Dumb, dumber, and cybersecurity

The reason you got hacked is because you listen to dumbasses about cybersecurity, like Microsoft.

An illustrative example is this article on "10 steps to protect" yourself. The vast majority of cyber threats to a small business are phishing, password reuse, and OWASP threats like SQL injection. That article addressed none of these threats.

But it gets better.

At the bottom of that article is a link to this "Cyber Security IQ" quiz at Microsoft's small-business website. The first question asks about password sharing. I show their "right" answer here:

Their correct answer is "None of the above", meaning that it's not okay to share your passwords with anybody. But this is nonsense. For your work account, of course it's okay to share your password with your boss. In fact, it's often necessary.

There have been several court cases where IT administrators have been fired, where the companies later found that the fired employee is the only one with passwords to certain critical systems. The (former) administrators were prosecuted for refusing to give their former bosses the passwords.

If your boss demands your password to your corporate accounts, of course you must give them your password.

But it gets better. Way better.

While answering the second question, this happened.
Whenever you visit this website, on pretty much any page as far as I can tell, you are going to get this popup asking to chat after a few minutes. At first I thought it was tied to this question (which would be clever), but it isn't -- it's a site-wide thing, unrelated to this quiz.

The correct answer to the underlying quiz questions is "Press Alt + F4", which closes the browser window.  That's because the unwanted popups will often position the [x] carefully in order to exploit "clickjacking" in your web browser. You should never click anywhere on a popup.

But of course, if you did hit Alt-F4 to close the window, you could never complete this "Cyber Security IQ" quiz, because you'd always get this popup.
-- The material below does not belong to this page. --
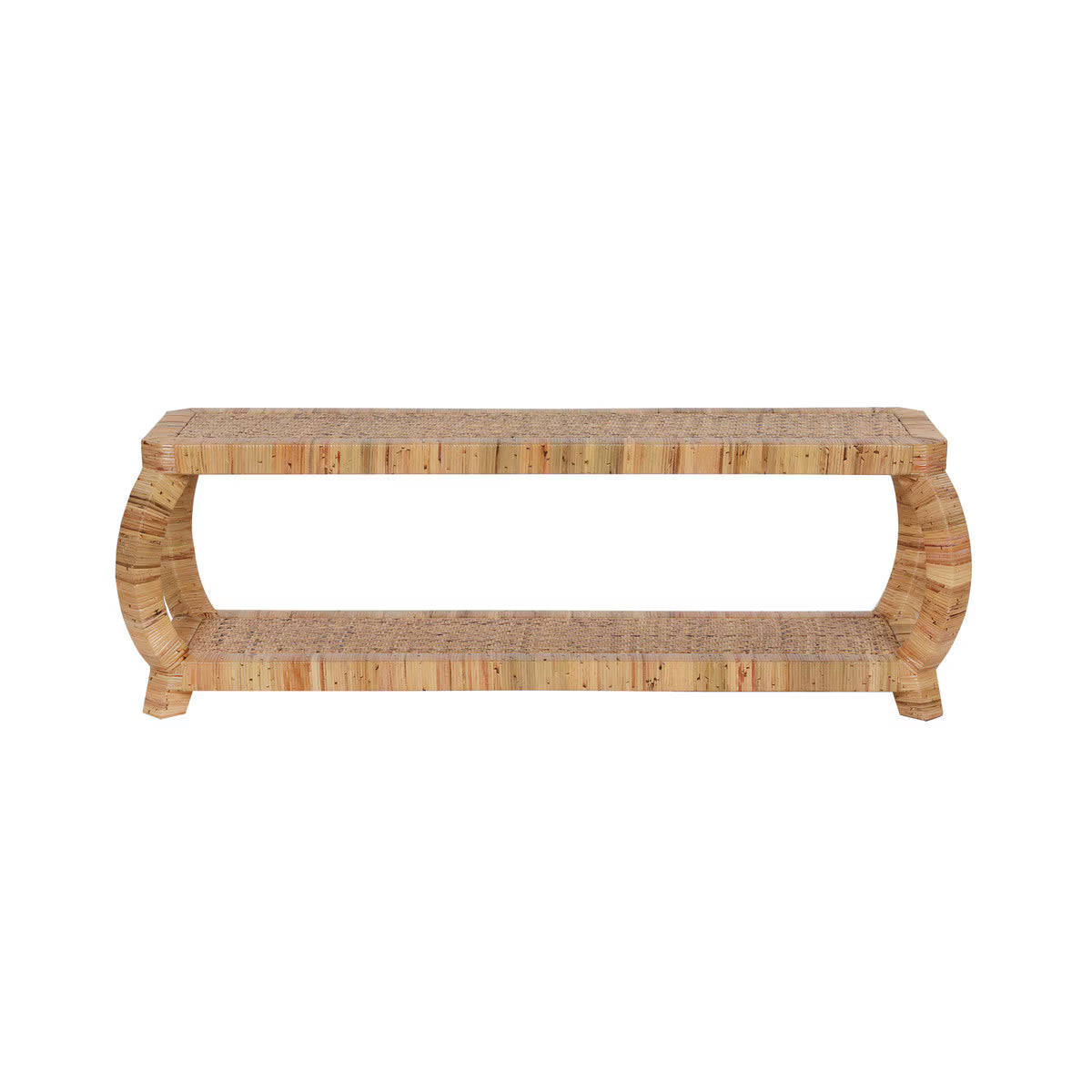 Rattan coffee table with wicker top on a white background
Here's my point. The "10 steps" article and the "IQ" quiz are why we can't solve cybersecurity. They are created by marketing people with plausible sounding advice, like "make sure you have a firewall". The reason you get hacked is because you listen to this plausible advice, while ignoring the real problems you have. Phishing, password re-use, and SQL injection have been the most popular hacks for 15 years because everyone does cybersecurity the Microsoft way shown above, instead of actually paying attention to the problem. Among your cybersecurity plans you should have three documents entitled "How we stop phishing", "How we stop password re-use", and "How we stop OWASP Top 10". If you don't, you suck.
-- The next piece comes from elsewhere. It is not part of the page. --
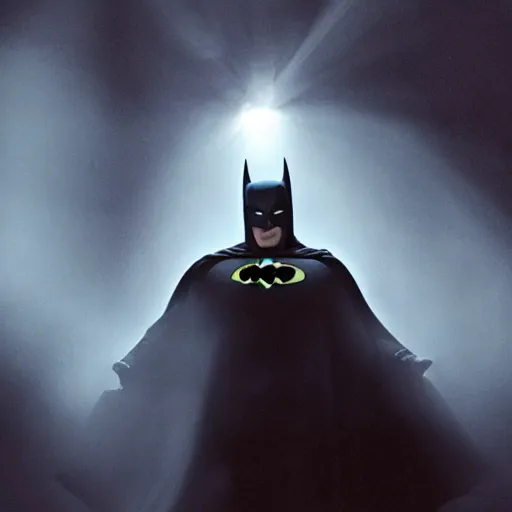 Image similar to the real vampire batman, cinematic lighting, god rays through fog, cape, cave, mood scary, film quality,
It could be that this popup is an obscenely clever trick into measuring your real IQ. But I tested it. No matter which webpage you go to on the site, after a few minutes this popup appears.


Indicator Veritatis said...

Rare that I side with MSFT, but I have to agree on not sharing passwords. If the boss wants access that is what superuser is for. If the system does not support this, then that is the real problem. But among other problems, sharing passwords blurs accountability.

Unknown said...

I understand that something like "sealed envelope" (paper or digital) - could be a great next statup.